Former athlete/current scientist completely overwhelmed by the ways keto has already changed my life (& ?s about calibrating macros/cals for my keto-boosted activity levels!

calories
exercise
science
newbies
food

(JGL) #41

I haven’t, but i have read several of his peer reviewed articles and I like what he is doing.

I’ve worked extensively with urban dwelling Maasai in northing Tanzania for about 12 years and and interesting note to append to that example is that this is genuinely happening with the women far more than with the men. The socioeconomic factors that are exacerbated when women are exiled or leave a staunchly patriarchal society and the lack of resources they have to feed themselves when they end up in the cities is a huge factor in what is happening there.

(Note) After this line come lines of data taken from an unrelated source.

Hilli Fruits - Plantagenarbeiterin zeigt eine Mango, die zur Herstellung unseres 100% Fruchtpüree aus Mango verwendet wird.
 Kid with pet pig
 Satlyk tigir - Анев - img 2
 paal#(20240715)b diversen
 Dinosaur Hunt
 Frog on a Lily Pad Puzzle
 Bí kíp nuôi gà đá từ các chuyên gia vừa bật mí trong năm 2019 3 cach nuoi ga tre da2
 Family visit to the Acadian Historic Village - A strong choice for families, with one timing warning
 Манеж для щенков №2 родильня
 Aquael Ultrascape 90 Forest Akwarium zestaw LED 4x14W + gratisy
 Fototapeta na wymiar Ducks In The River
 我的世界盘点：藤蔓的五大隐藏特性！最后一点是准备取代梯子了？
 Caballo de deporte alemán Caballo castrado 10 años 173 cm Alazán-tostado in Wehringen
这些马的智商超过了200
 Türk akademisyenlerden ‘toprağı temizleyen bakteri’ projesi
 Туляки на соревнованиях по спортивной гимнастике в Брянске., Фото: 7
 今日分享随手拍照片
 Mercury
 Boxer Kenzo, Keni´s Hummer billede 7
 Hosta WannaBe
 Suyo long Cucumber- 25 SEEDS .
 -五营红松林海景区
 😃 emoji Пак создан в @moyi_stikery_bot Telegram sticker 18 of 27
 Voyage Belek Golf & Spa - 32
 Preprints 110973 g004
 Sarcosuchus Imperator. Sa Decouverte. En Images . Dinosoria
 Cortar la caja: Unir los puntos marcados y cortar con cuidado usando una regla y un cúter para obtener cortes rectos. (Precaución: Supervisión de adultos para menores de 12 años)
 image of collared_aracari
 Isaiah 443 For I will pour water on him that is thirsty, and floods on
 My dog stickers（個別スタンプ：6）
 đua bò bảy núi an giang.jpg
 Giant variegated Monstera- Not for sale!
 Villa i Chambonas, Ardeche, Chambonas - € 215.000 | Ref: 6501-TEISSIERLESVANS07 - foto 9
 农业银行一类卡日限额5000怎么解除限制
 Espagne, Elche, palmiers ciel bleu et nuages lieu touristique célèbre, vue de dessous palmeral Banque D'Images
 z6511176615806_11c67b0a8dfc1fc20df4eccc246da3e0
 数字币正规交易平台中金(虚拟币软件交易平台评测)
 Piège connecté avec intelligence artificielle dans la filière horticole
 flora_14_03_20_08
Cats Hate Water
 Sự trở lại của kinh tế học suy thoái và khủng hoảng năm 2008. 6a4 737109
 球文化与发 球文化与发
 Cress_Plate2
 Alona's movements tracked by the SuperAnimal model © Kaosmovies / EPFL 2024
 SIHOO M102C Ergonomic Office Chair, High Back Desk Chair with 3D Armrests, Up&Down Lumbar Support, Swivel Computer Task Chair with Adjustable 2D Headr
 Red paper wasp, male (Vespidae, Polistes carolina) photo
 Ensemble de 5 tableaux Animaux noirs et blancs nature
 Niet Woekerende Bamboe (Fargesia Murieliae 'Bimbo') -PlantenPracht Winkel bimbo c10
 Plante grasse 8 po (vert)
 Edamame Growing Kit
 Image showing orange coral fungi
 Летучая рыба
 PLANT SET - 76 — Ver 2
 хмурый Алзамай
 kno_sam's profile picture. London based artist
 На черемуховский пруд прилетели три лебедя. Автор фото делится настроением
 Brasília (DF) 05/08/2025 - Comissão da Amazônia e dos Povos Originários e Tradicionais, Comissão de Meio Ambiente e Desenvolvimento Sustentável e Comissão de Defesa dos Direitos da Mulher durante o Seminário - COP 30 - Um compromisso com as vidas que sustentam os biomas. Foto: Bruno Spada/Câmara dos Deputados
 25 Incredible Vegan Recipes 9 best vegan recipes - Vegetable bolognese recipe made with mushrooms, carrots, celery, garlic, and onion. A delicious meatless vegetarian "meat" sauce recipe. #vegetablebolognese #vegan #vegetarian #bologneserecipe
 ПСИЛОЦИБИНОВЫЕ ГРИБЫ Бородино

I have had some of the most educating digestive experiences of my life while living in rural Maasai areas. The nutritional adaptations of the Maasai could totally be a whole other topic on here and are fascinating, surely, from a keto perspective, but there are political, social and economic factors that are significant to look at in order to make sure that they aren’t mythologized, which happens with them over and over and over again.
Their WOE has had complicated impacts on their neighbors There is also something that need to be conceded there that their lack of a backup on nutritional sources apart from their cattle caused a little bit of a genocide on the slopes of Kilimanjaro during a famine in the 1800s. (Side note, but interesting, a really interesting but horrifying example of traditional medical knowledge during into the development of a form of chemical warfare). The story of the Chagga caves mentioned here is something I am going into a bit in my next attempt at ethnographic filmmaking. I collected the footage for it over the summer, but it needs a lot of work in post because we shot in 360.

https://www.jstor.org/stable/40388256?seq=1#page_scan_tab_contents


(Ken) #43

Interesting. Are you familiar with the Xhosa famine in 1856-7? They also lived off their herds, but their religious fervor and belief in a prophet caused them to slaughter their own cattle.

Another earlier mass famine was caused by the Zulu-Matabele war, (Mfecane, Shaka vs. Mizilikazi) both tribes being dependent on their herds.